Input for this task:
# # # # # # #

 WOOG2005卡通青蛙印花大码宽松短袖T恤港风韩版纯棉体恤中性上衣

# # # # # # #

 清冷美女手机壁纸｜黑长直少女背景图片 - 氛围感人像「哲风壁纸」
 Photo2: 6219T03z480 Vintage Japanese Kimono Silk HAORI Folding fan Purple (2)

# # # # # # #

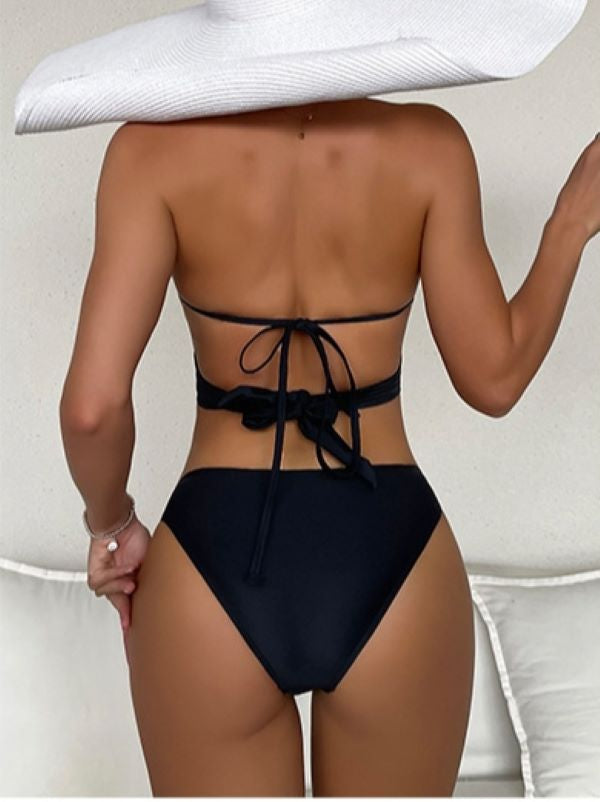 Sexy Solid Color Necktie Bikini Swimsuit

# # # # # # #

Problem requirements:
The entries above hold a line with "清冷美女手机壁纸｜黑长直少女背景图片 - 氛围感人像「哲风壁纸」" and a later line with "Photo2: 6219T03z480 Vintage". Write out exactly those lines and all lines between, nothing more.

Expected answer:
 清冷美女手机壁纸｜黑长直少女背景图片 - 氛围感人像「哲风壁纸」
 Photo2: 6219T03z480 Vintage Japanese Kimono Silk HAORI Folding fan Purple (2)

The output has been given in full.